● Task brief: An exact repeat is needed of the lines from the one with "1st image of 936 Quincy Ave Floor 2" through the last line of the data below. Please omit the pictures.
### Supplied entries ###
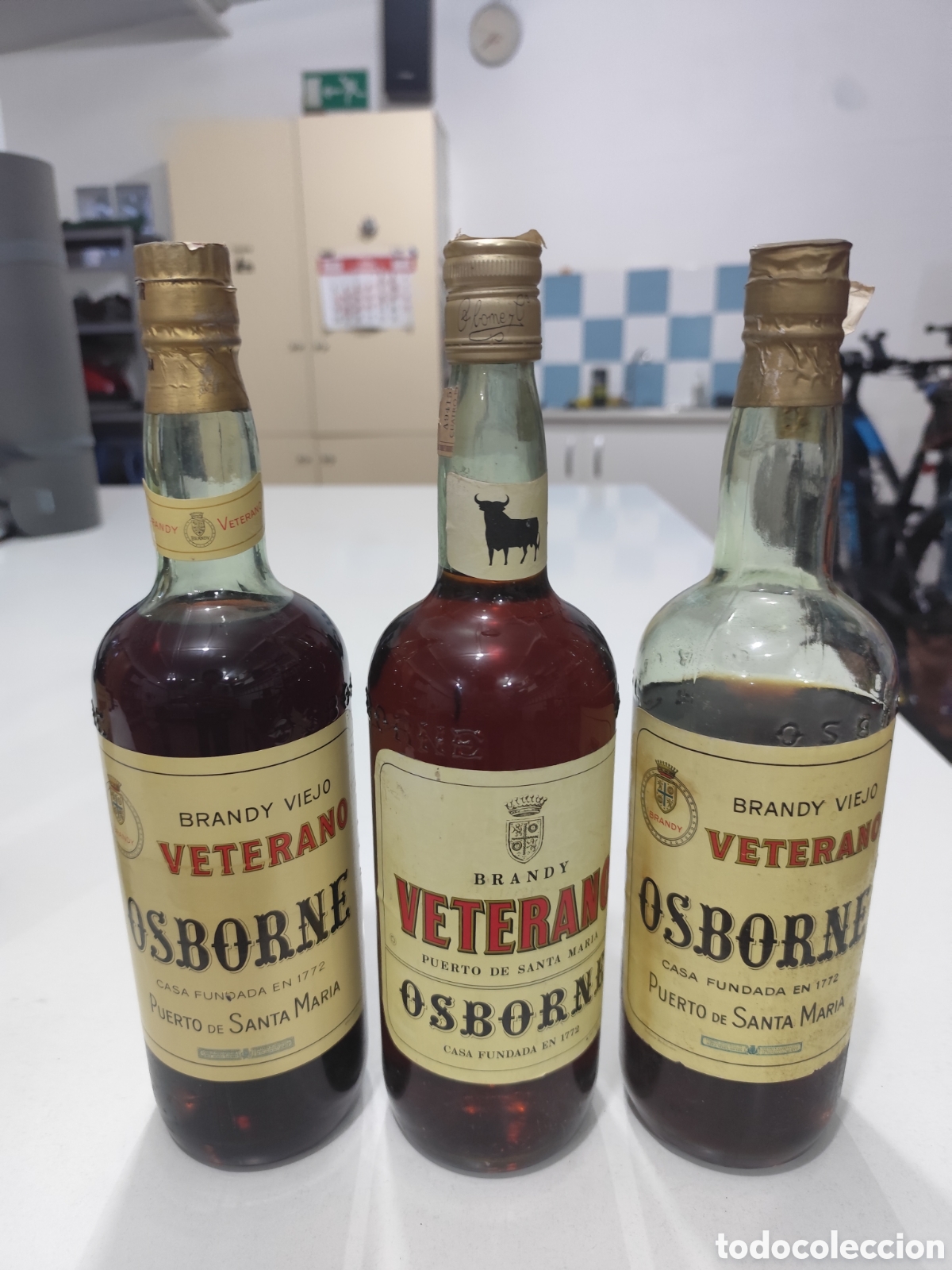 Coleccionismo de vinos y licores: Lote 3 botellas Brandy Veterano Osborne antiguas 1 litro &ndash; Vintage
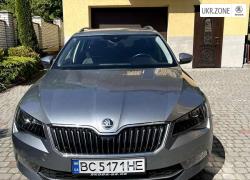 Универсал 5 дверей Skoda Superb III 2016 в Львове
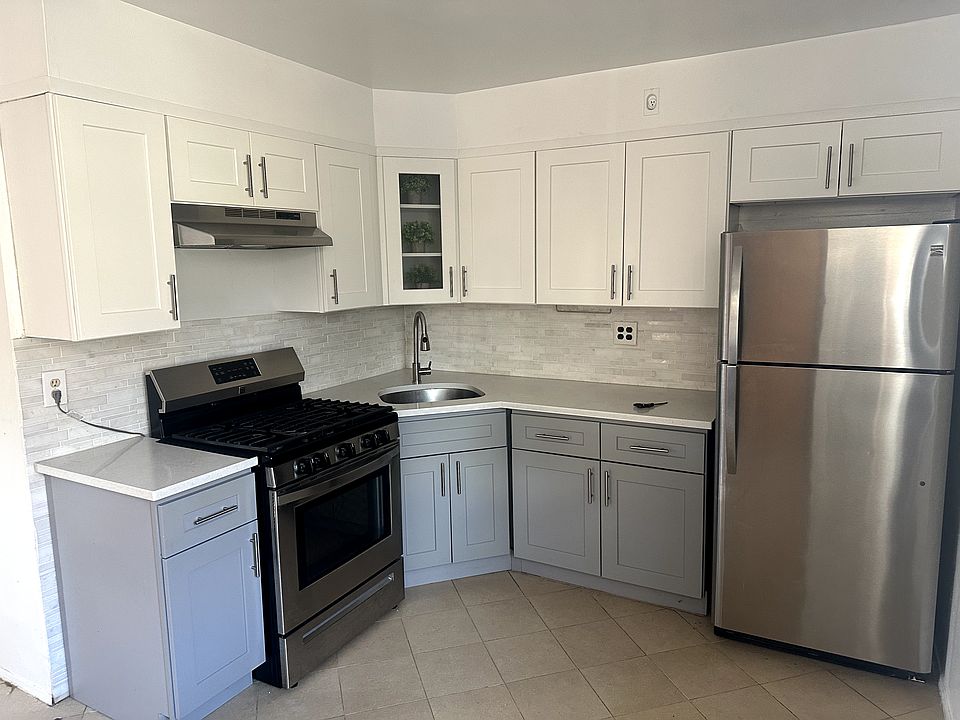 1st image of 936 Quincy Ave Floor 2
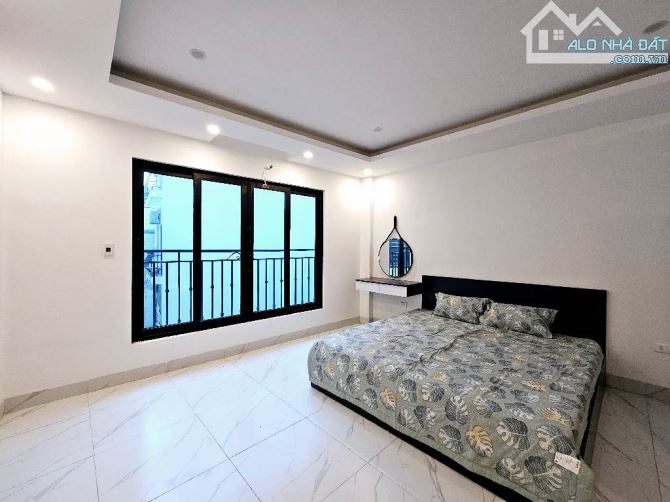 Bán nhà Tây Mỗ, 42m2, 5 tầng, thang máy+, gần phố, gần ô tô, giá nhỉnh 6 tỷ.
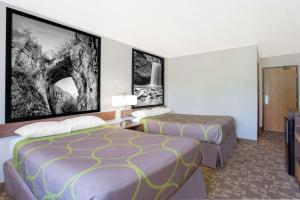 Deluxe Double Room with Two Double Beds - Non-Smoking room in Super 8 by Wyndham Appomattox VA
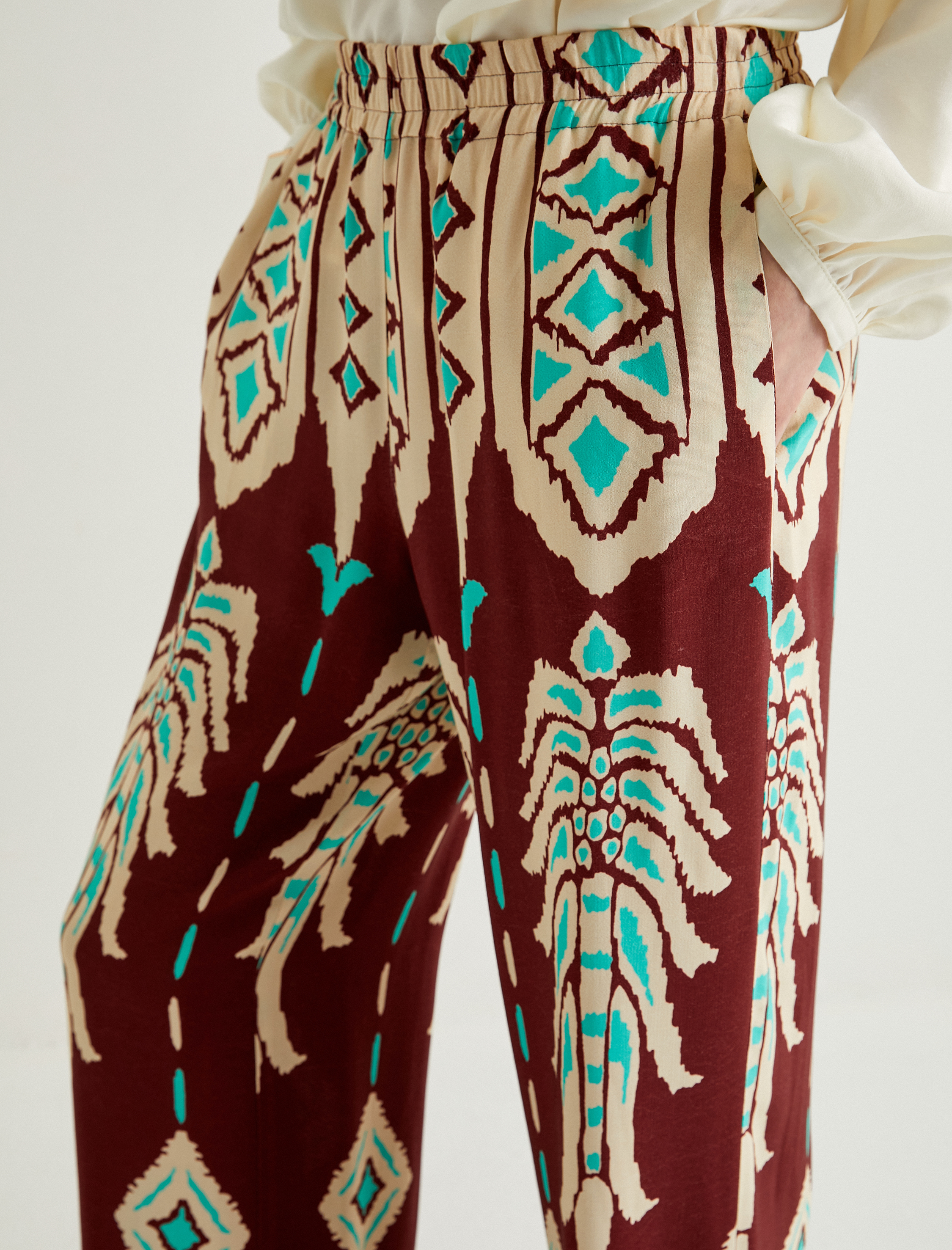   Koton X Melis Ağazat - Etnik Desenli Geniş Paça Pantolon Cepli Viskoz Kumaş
###
● Exercise response:
 1st image of 936 Quincy Ave Floor 2
 Bán nhà Tây Mỗ, 42m2, 5 tầng, thang máy+, gần phố, gần ô tô, giá nhỉnh 6 tỷ.
 Deluxe Double Room with Two Double Beds - Non-Smoking room in Super 8 by Wyndham Appomattox VA
   Koton X Melis Ağazat - Etnik Desenli Geniş Paça Pantolon Cepli Viskoz Kumaş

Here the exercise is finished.